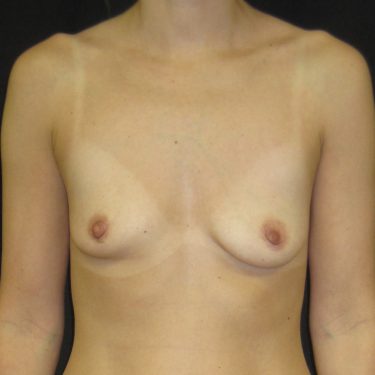 Breast Augmentation Before Patient 17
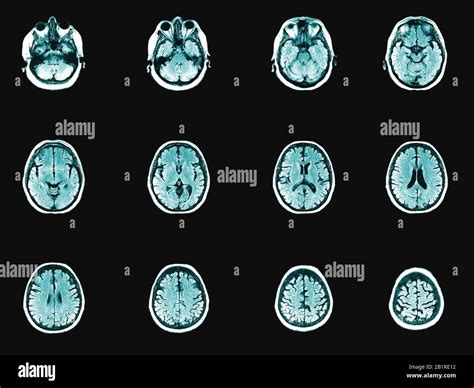 Conjunto de imágenes de tomografía computarizada de cabeza y cerebro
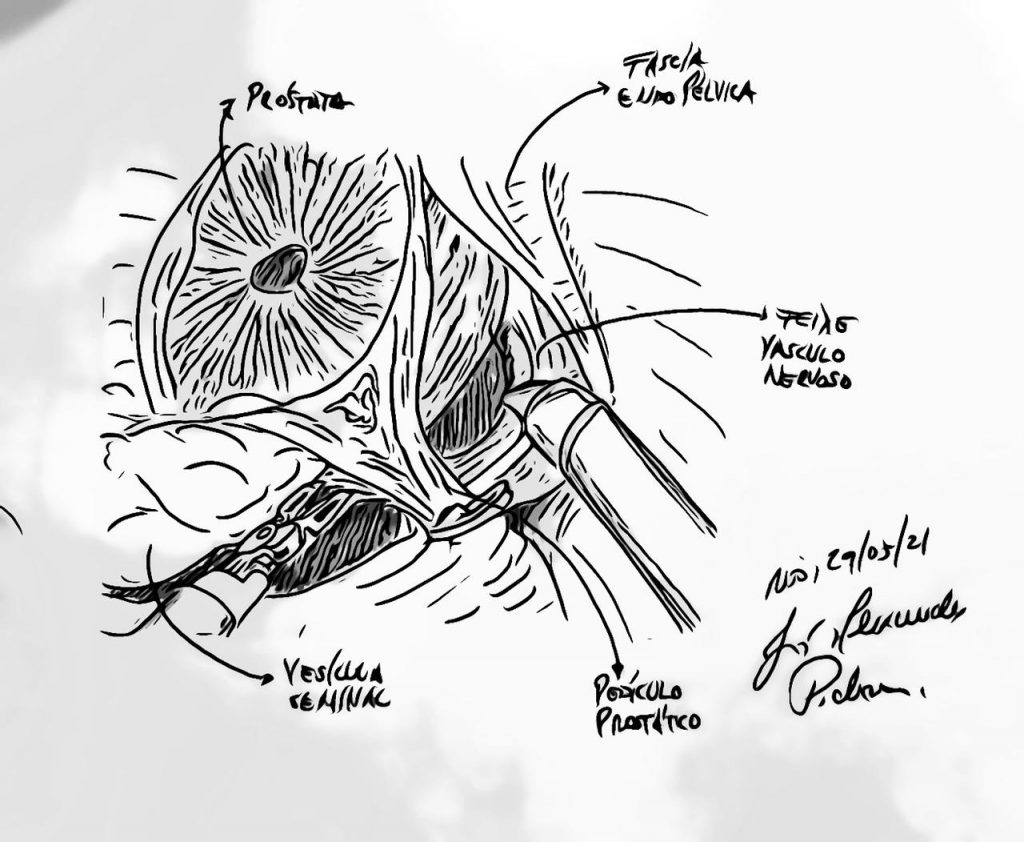 Cirurgia Robótica da Próstata – hoje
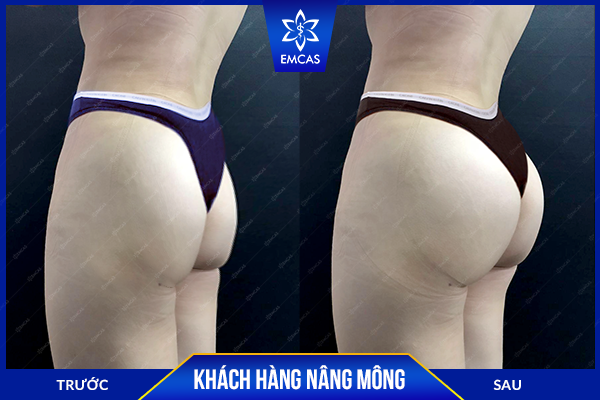 Khi Nào Nên Chọn Nâng Mông Bằng Túi Độn?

-------------------------

(Work to be completed)
Would you set down the listing exactly, omitting pictures?

(Output of the task)
 Breast Augmentation Before Patient 17
 Conjunto de imágenes de tomografía computarizada de cabeza y cerebro
 Cirurgia Robótica da Próstata – hoje
 Khi Nào Nên Chọn Nâng Mông Bằng Túi Độn?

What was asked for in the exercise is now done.